Sœur Shahnaz avoue : « J'aurais eu plusieurs occasions de m'échapper seule mais, comme le chef de l'Église catholique, le Père Giovanni Scalese, j'ai refusé de partir sans les autres membres de notre communauté et les personnes qui dépendaient totalement de nous. J'ai pensé : « Nous mourrons ensemble en martyrs ou nous serons sauvés ensemble » ». Enfin, il y a trois jours, la bonne occasion : « Le Père Giovanni nous a appelés pour nous dire d'être prêts pour ce soir-là. Vers 21h30, un bus est arrivé devant notre porte accompagné d'une voiture de police, du Père Scalese et d'Alberto Cairo de la Croix-Rouge. Nous sommes sortis, complètement dans le noir, et sommes partis pour l'aéroport ». Un voyage caractérisé par « une angoisse indicible.
Dans la rue les gens ont couru et ont essayé d'atteindre l'aéroport, les talibans ont tiré sauvagement en l'air, puis une balle a touché une personne qui est tombée au sol juste devant notre voiture. Enfin arrivés au portail principal, nous avons réussi à passer les contrôles des intégristes et nous nous sommes mis en sécurité. Nous avons alors appris que les mêmes policiers qui nous escortaient étaient des talibans, qui ont désormais tout entre les mains ».

Même maintenant qu'elle est en sécurité en Italie, la religieuse n'est certainement pas sereine : « Mon âme est déchirée, mon cœur est à Kaboul parmi les écoliers et leurs familles, qui risquent des représailles. Mais je pense aussi aux filles qui m'envoient des messages en larmes pour demander de l'aide, et aux nombreux parents qui ont peur que les talibans emmènent leurs enfants pour en faire des guérilleros, alors qu'ils voudraient qu'ils aillent à l'école et se construisent un avenir différent. Je les confie tous au Seigneur... ».
Quant à elle, sœur Shahnaz est déterminée à faire sa part : « Avec l'aide de ma congrégation et de PBK, je ferai tout mon possible pour être aux côtés des Afghans qui sont arrivés avec nous : les enfants, les étudiants, mes collaborateurs.

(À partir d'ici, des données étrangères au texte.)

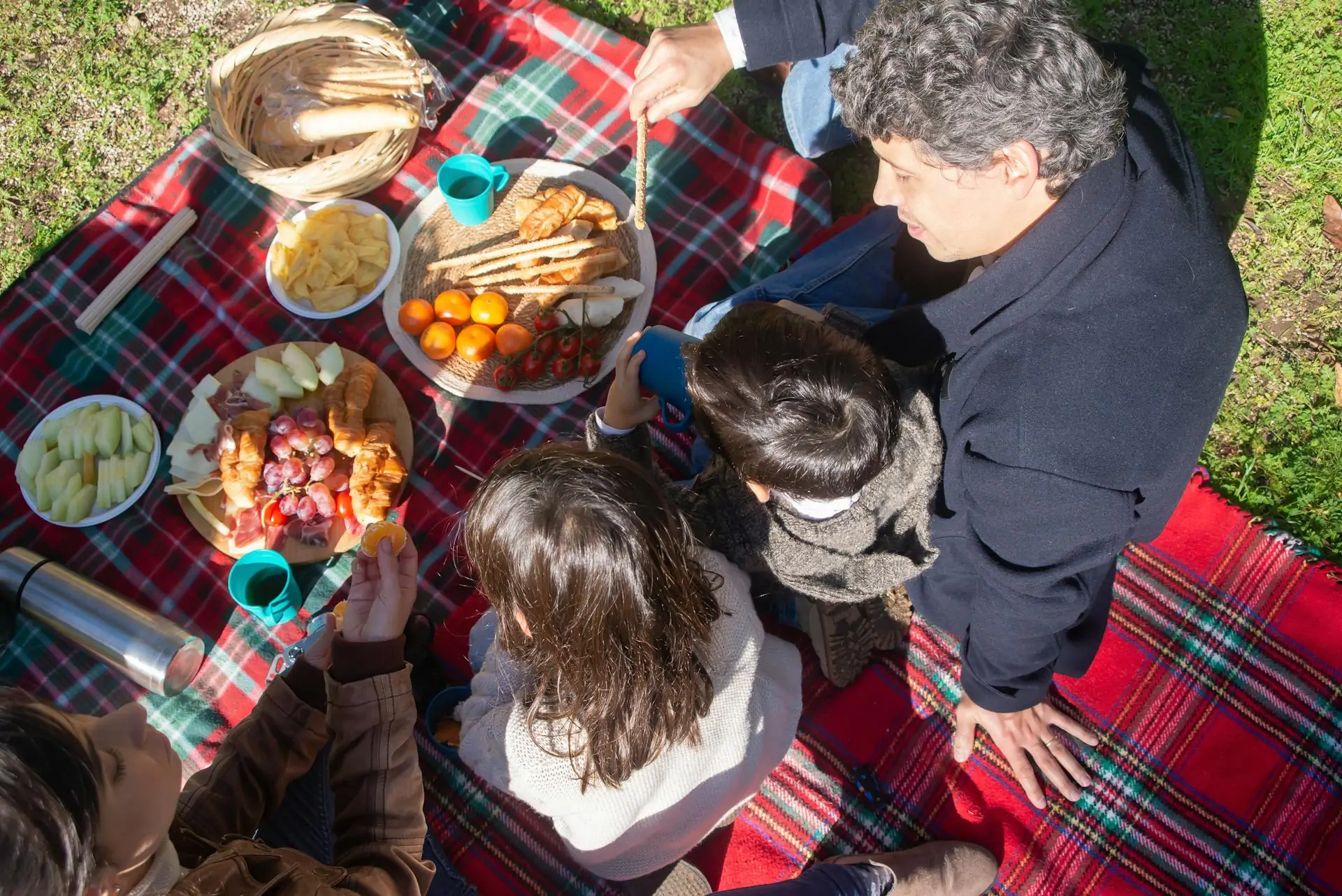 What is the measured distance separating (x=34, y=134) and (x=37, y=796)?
4.26 m

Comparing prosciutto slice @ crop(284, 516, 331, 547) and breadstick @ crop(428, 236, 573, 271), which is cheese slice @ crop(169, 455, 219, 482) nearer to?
prosciutto slice @ crop(284, 516, 331, 547)

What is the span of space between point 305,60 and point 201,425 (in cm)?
168

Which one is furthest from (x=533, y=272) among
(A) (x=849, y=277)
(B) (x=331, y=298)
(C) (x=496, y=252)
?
(A) (x=849, y=277)

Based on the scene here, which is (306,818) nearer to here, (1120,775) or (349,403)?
(349,403)

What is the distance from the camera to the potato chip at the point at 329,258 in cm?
351

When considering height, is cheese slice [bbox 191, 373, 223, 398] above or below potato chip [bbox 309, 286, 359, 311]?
below

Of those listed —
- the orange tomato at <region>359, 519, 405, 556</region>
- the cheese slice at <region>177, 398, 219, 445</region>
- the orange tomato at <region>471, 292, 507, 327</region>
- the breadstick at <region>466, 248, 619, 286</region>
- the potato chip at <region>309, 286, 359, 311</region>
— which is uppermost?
the breadstick at <region>466, 248, 619, 286</region>

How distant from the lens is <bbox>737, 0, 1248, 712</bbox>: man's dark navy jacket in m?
2.09

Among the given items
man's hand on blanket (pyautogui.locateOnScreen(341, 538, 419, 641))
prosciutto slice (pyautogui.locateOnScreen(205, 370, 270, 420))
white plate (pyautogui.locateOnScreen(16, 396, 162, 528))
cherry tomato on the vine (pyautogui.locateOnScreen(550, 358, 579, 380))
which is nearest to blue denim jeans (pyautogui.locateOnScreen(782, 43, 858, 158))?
cherry tomato on the vine (pyautogui.locateOnScreen(550, 358, 579, 380))

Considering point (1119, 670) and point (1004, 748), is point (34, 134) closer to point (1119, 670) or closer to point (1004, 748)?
point (1004, 748)

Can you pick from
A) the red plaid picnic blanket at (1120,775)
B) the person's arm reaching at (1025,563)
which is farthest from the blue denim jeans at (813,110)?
the red plaid picnic blanket at (1120,775)

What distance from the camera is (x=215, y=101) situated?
341 cm

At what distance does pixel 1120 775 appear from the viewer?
3.05m

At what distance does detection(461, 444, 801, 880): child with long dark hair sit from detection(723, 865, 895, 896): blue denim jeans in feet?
1.04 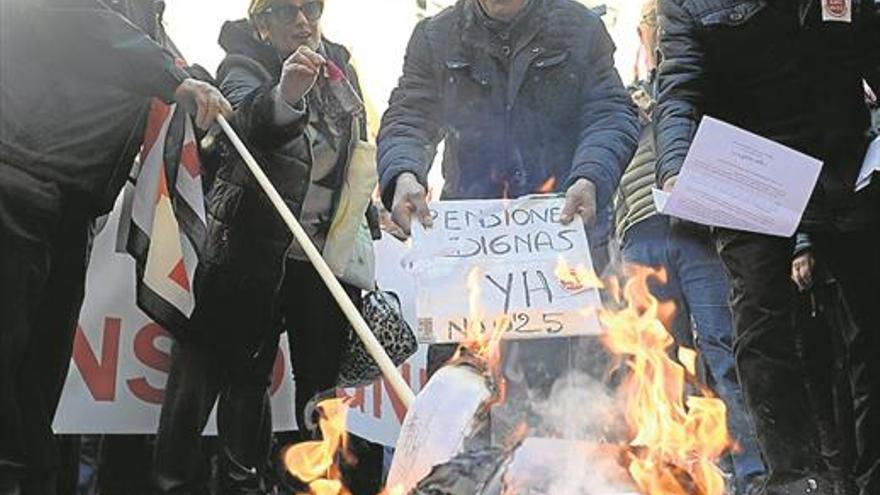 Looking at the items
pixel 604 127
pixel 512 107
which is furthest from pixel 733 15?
pixel 512 107

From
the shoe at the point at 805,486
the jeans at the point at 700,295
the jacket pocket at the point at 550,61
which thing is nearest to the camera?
the shoe at the point at 805,486

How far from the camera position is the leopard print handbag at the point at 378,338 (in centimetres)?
442

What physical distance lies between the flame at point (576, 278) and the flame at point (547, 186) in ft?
1.59

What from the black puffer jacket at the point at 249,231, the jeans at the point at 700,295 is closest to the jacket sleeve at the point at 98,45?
the black puffer jacket at the point at 249,231

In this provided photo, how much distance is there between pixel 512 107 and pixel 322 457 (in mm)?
1303

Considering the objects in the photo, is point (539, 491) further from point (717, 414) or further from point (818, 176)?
point (818, 176)

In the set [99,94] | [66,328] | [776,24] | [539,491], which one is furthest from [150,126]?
[539,491]

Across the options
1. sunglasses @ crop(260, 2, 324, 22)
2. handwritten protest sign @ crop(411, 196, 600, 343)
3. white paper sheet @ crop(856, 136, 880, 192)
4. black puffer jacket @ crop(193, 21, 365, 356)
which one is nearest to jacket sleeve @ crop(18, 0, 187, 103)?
black puffer jacket @ crop(193, 21, 365, 356)

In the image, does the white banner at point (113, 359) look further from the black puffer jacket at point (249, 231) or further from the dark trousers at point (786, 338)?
the dark trousers at point (786, 338)

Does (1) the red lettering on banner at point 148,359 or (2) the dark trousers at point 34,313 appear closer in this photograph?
(2) the dark trousers at point 34,313

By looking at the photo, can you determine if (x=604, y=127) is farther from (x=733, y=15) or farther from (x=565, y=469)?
(x=565, y=469)

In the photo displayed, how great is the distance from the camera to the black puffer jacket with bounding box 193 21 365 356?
4.11 metres

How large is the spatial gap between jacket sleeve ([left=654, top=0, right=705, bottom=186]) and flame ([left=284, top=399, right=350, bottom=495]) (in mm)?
1332

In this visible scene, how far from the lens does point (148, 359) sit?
4.74 metres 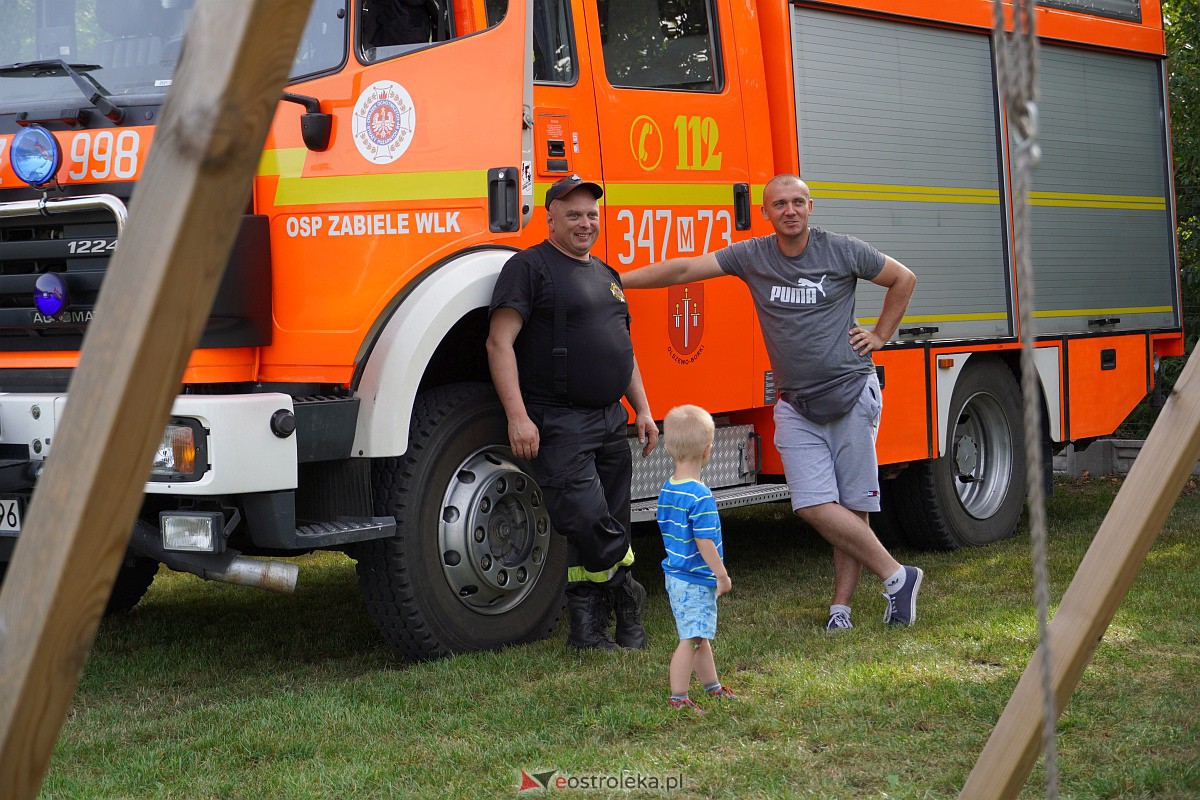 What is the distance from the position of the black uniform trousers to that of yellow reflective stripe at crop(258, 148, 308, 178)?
3.89 ft

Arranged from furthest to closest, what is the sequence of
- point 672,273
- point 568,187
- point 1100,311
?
point 1100,311
point 672,273
point 568,187

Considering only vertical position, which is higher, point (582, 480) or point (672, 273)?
point (672, 273)

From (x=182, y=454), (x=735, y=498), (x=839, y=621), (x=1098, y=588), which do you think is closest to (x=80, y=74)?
(x=182, y=454)

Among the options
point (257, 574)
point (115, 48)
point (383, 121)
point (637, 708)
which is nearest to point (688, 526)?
point (637, 708)

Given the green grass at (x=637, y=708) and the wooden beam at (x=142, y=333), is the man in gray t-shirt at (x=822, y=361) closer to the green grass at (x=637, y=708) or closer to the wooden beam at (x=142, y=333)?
the green grass at (x=637, y=708)

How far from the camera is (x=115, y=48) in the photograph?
5.22 meters

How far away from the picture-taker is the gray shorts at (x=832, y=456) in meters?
5.98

Puisque tout le personnel est désormais là, je souhaite poursuivre notre engagement au service des autres enfants réfugiés afghans en Italie : c'est d'ailleurs la vocation de l'association depuis le tout début. Cependant, mes supérieurs décideront de mon avenir. Je peux seulement dire que si un jour nous avons la possibilité de retourner à Kaboul, je serai là ».

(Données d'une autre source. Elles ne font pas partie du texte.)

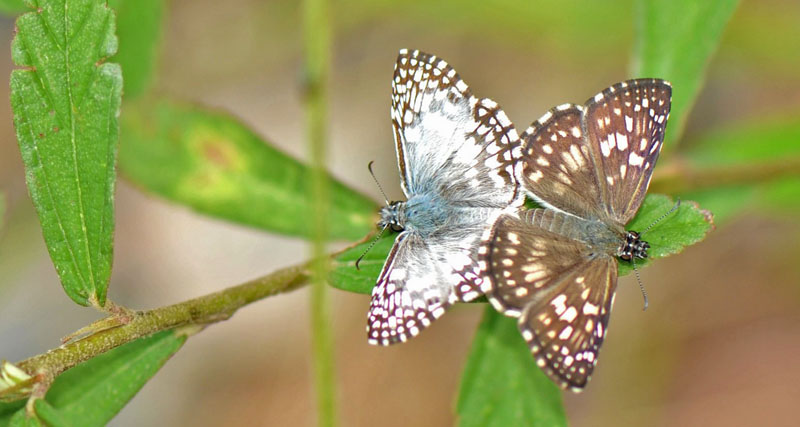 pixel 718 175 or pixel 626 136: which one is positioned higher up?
pixel 626 136

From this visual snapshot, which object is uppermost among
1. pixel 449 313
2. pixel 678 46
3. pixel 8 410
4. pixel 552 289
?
pixel 678 46

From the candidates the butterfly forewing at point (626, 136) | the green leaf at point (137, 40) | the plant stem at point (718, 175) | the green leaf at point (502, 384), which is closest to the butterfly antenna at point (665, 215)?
the butterfly forewing at point (626, 136)

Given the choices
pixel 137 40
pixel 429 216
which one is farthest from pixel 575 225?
pixel 137 40

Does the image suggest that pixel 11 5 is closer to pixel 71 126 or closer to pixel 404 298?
pixel 71 126

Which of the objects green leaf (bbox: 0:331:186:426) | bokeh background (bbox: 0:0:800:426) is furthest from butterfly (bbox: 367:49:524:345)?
bokeh background (bbox: 0:0:800:426)

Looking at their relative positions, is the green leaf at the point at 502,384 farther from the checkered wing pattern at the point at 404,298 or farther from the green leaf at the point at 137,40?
the green leaf at the point at 137,40

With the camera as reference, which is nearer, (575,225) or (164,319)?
(164,319) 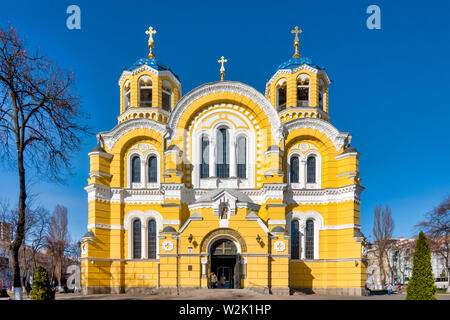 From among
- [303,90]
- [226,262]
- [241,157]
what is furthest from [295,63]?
[226,262]

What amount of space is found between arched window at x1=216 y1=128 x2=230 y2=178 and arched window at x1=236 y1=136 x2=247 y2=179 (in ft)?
2.50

#sume : "Nous mourrons ensemble en martyrs ou nous serons sauvés ensemble". Sœur Shahnaz Bhatti raconte sa fuite de Kaboul dans les jours qui ont suivi la chute catastrophique de la capitale afghane après l'offensive des talibans à la mi-août. La terreur, l'angoisse de partir, l'inquiétude pour ceux qui restent, l'envie de partager leur destin avec ceux que l'on aime et, enfin, le rêve d'un possible retour.